### ABOUT THIS EXERCISE
Look below for the line containing "Telur sudah menjadi"; from there through the line containing "Los jugos verdes", both lines included, please set down each line exactly and nothing else.

### LISTED RECORDS
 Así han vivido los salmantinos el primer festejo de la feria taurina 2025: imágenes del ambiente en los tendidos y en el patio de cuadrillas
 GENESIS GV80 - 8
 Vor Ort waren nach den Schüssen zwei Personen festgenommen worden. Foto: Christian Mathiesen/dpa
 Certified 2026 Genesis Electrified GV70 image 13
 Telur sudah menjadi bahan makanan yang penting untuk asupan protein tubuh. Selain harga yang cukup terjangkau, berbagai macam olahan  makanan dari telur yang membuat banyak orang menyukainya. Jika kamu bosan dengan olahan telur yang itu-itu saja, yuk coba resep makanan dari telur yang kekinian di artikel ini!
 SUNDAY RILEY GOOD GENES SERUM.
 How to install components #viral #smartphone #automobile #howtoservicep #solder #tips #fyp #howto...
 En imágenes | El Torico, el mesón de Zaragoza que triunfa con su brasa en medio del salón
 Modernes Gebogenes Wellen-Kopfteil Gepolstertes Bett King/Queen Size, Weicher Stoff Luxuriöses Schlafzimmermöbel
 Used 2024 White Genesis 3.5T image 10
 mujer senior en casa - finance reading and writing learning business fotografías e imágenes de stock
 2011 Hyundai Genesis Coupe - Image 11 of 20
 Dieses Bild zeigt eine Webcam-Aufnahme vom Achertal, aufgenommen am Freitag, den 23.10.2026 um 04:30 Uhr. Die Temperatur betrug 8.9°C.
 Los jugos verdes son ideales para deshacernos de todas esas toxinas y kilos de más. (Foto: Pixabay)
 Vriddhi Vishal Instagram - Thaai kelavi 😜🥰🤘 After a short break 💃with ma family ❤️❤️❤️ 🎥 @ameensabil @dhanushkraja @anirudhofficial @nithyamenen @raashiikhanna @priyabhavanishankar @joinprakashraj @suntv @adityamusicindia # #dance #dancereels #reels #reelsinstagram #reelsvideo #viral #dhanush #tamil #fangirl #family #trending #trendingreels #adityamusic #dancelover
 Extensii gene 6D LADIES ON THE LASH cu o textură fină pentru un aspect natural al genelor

### ANSWER TO THIS EXERCISE
 Telur sudah menjadi bahan makanan yang penting untuk asupan protein tubuh. Selain harga yang cukup terjangkau, berbagai macam olahan  makanan dari telur yang membuat banyak orang menyukainya. Jika kamu bosan dengan olahan telur yang itu-itu saja, yuk coba resep makanan dari telur yang kekinian di artikel ini!
 SUNDAY RILEY GOOD GENES SERUM.
 How to install components #viral #smartphone #automobile #howtoservicep #solder #tips #fyp #howto...
 En imágenes | El Torico, el mesón de Zaragoza que triunfa con su brasa en medio del salón
 Modernes Gebogenes Wellen-Kopfteil Gepolstertes Bett King/Queen Size, Weicher Stoff Luxuriöses Schlafzimmermöbel
 Used 2024 White Genesis 3.5T image 10
 mujer senior en casa - finance reading and writing learning business fotografías e imágenes de stock
 2011 Hyundai Genesis Coupe - Image 11 of 20
 Dieses Bild zeigt eine Webcam-Aufnahme vom Achertal, aufgenommen am Freitag, den 23.10.2026 um 04:30 Uhr. Die Temperatur betrug 8.9°C.
 Los jugos verdes son ideales para deshacernos de todas esas toxinas y kilos de más. (Foto: Pixabay)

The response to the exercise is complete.